When I ask the first class of CC women what the worst struggle they faced was, I hear about a dozen variations of “getting the boys to shower.” It sounds like living with teenage brothers, and it makes me laugh.

A part of me is incredibly pleased that these women can say that.

And yes, they still had to fight. Sports teams, amenities, all of the things we share now didn’t come easily to them, but I’m glad that jumping in a bit later in the game seems to have meant our women didn’t face the same degree of malice others faced in the rights movement.

It’s a bitter-sweet realization, especially for a campus that identifies so strongly with activism.

And it doesn’t change how proud we should be of these women, who showed us that a couple hundred years of tradition is still a breakable wall.

Raucous singing took over Low Library’s entrance hall at one point during CCW30 as 30 years of CC women began to belt Columbia’s anthems as one (though not all in one key).
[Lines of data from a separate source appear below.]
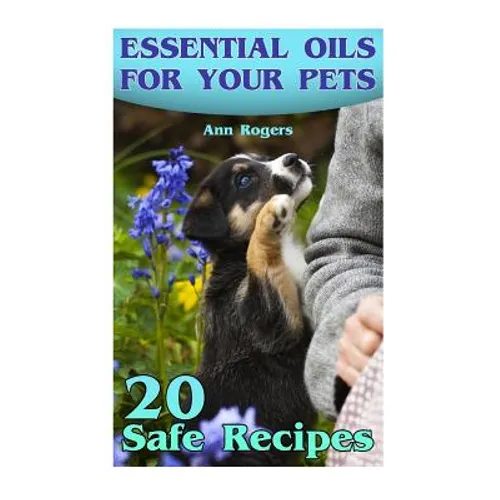 Essential Oils for Your Pets: 20 Safe Recipes: (Essential Oils, Essential Oils Book)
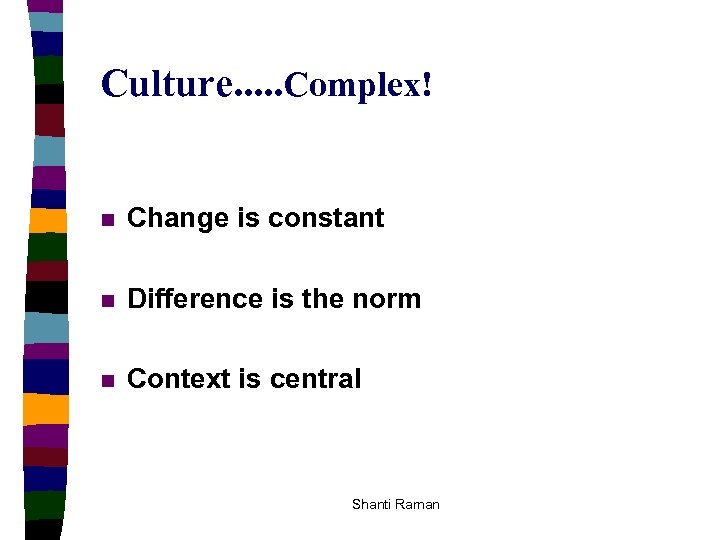 Culture. . . Complex! n Change is constant n Difference is the norm n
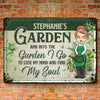 Into The Garden I Go To Lose My Mind - Garden Personalized Custom Home Decor Metal Sign - House Warming Gift For Gardening Lovers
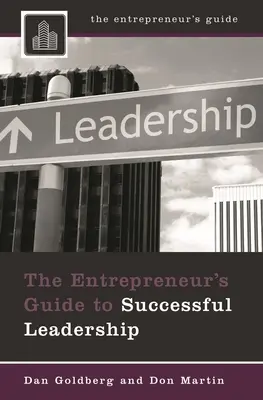 La guía del empresario para liderar con éxito - The Entrepreneur's Guide to Successful Leadership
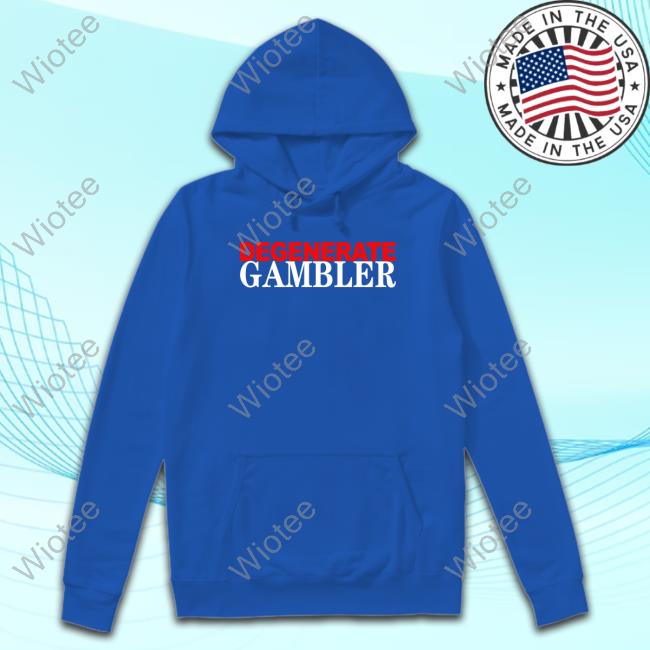Degenerate Gambler Hoodie Official Degenerate Gambler Tee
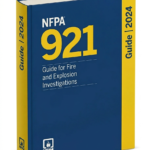 NFPA 921 Guide for Fire and Explosion Investigations 2024 Edition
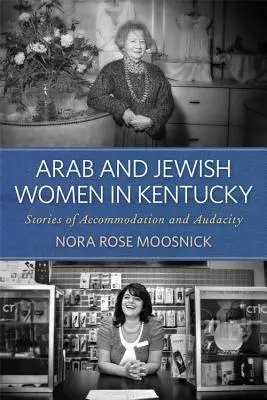 Arabische und jüdische Frauen in Kentucky: Geschichten von Anpassung und Kühnheit - Arab and Jewish Women in Kentucky: Stories of Accommodation and Audacity
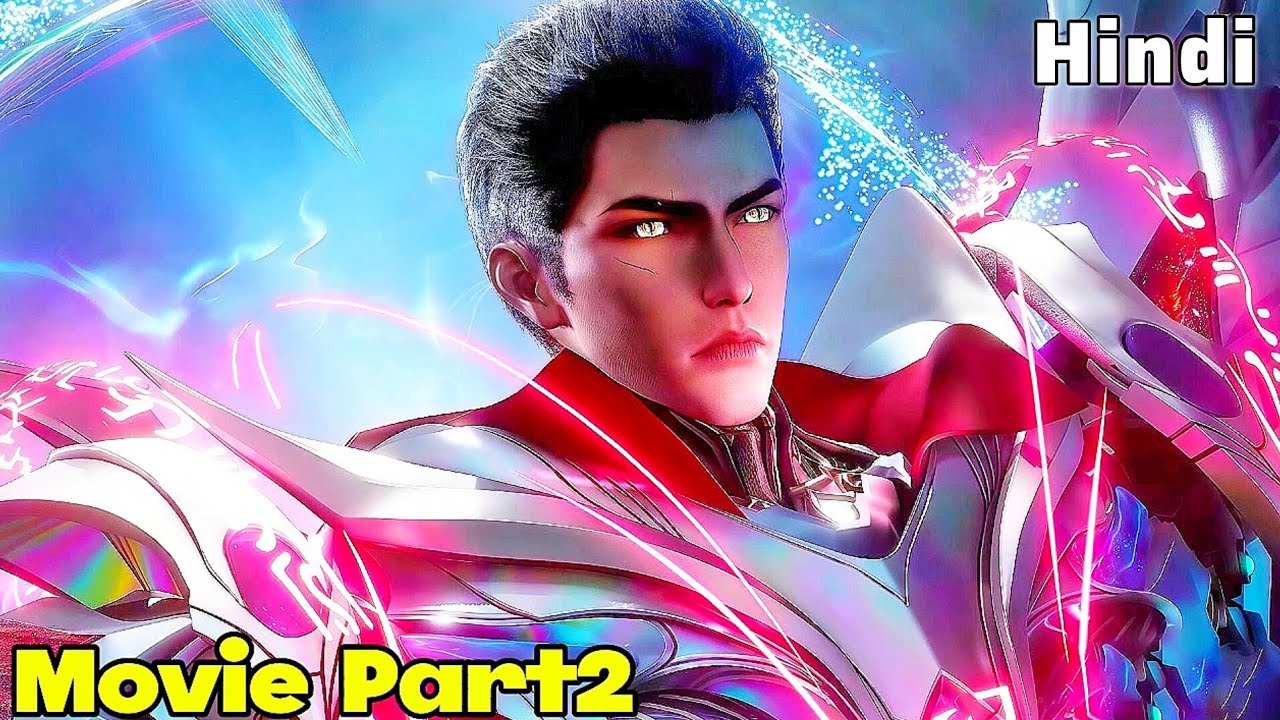 Swallowed Star Movie:The Primordial Star Anime Part 2 Explain in Hindi |Loufeng Got Earth Territory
The thing is, these women are not just remarkable for taking their place as the first class of women in CC history. These women are remarkable because they have created a lasting community. They still reach out with open arms to support the Columbia College sisters that came after them.

Within a day after the event, I was receiving emails about grabbing coffee and getting feedback (“How can we continue to support the women of Columbia College?”), and suddenly it was like I stepped into the alley behind the Leaky Cauldron and pressed the right brick.
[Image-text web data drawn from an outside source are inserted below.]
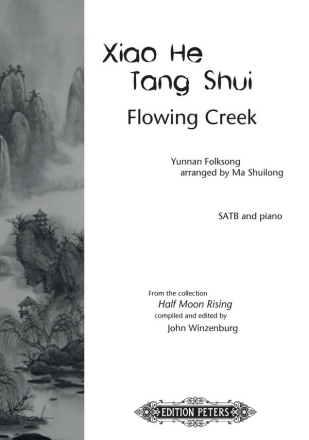 EP72763  Xiao He Tang Shui (Flowing Creek) - Yunnan Folksong fr gem Chor und Klavier Chorpartitur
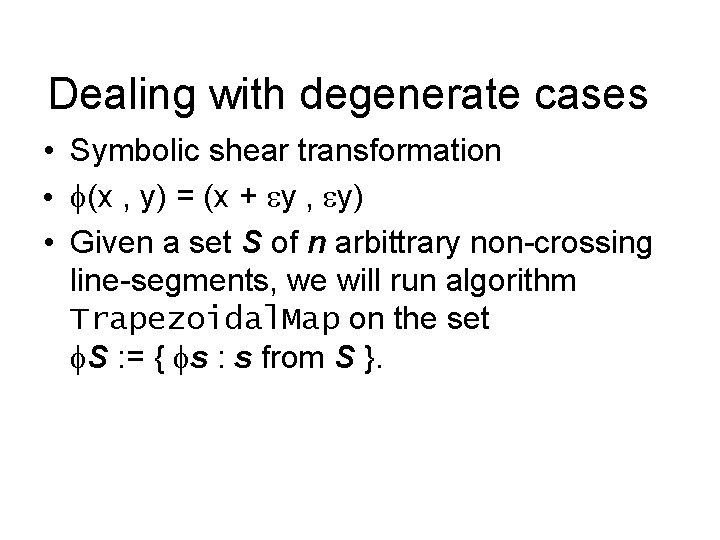 Dealing with degenerate cases • Symbolic shear transformation • f(x , y) = (x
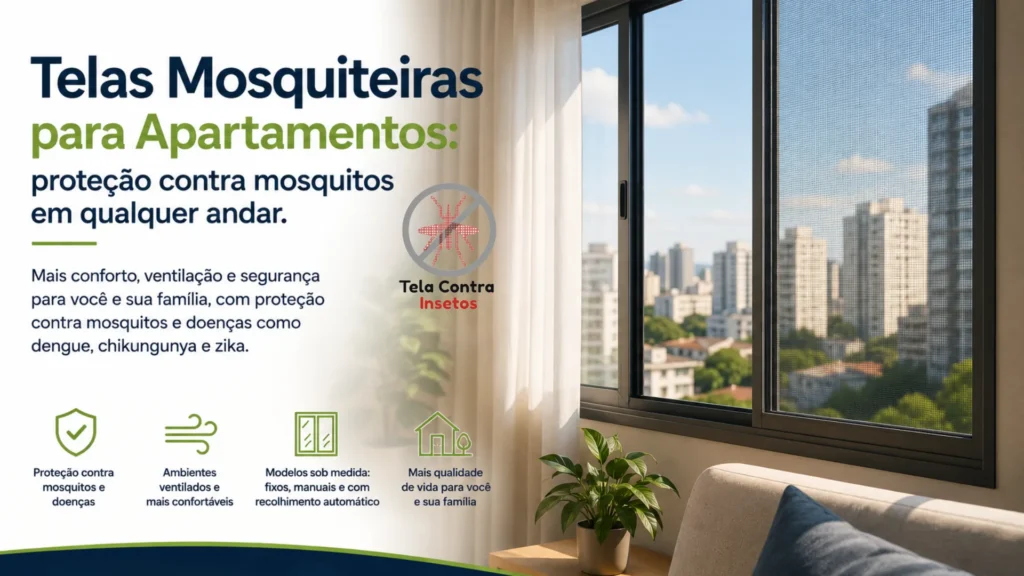 Janela de apartamento com tela mosquiteira instalada protegendo o ambiente contra mosquitos transmissores da dengue e outros insetos.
This is the point where the lesson of the day comes into play:

Honestly, until CCW30 opened my eyes, the place I felt most comfortable as myself, as a woman, was sitting with my friends in Diana, adopting Barnard culture. I didn’t actively seek out “fuckboy” free CC or try to build a place for the women around me; why would I need to? There was one next door.
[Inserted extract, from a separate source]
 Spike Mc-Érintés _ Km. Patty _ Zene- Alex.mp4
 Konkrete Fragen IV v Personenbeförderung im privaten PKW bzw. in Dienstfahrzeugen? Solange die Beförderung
The 30th anniversary of women in Columbia College has changed that for me. I recognize that I can’t continue to step away from the spot these women opened up for me in Columbia’s halls. I can love the safety of having a haven of strong, independent women down the street (SO: Jennifer Kaplan), but I can also work to maintain the same thing here in CC. More than maintaining that space, I can work to improve it.

The first class of women in Columbia College didn’t stop their efforts just because the doors opened or because there was a precedence that allowed them basic human rights. Deans not slut-shaming them from podiums didn’t mean they would stop before making themselves Deans as well— they kept reaching: they appealed to have time on the sports fields, getting up for 5 a.m. practices when Baker was always already booked, they set up an alumni network that remains active in our lives with events like CCW30, and they brought us to the point where we could fight for things like free tampons and pads (though to be quite honest, I’m still crossing my fingers for Always Infinity to appear [with the wings]).

Right now they’re out in the world fighting for women as well. Lilly Burns (CC’09) of Jax Media produces “Broad City,” revolutionizing the portrayal of women in the media. When was the last time you heard someone on a male-dominated network break the period-talk taboo to do anything but suggest that women are incapable of handling emotions during “their time of the month,” after all? Instead, Lilly Burn’s work is fresh and honest, breaking those unspoken barriers.

 

She is not the only one.

I am including a link below to the Alumni Association’s list of speakers from the CCW30 event in the hope that they help you think about who you want to be, understand what CCW30 was, and understand why this 30th Anniversary is so important.

https://www.college.columbia.edu/alumni/events/ccw30/speakers

Take this summer to think about who you want to be in the coming year, and what doors you want to be remembered for opening.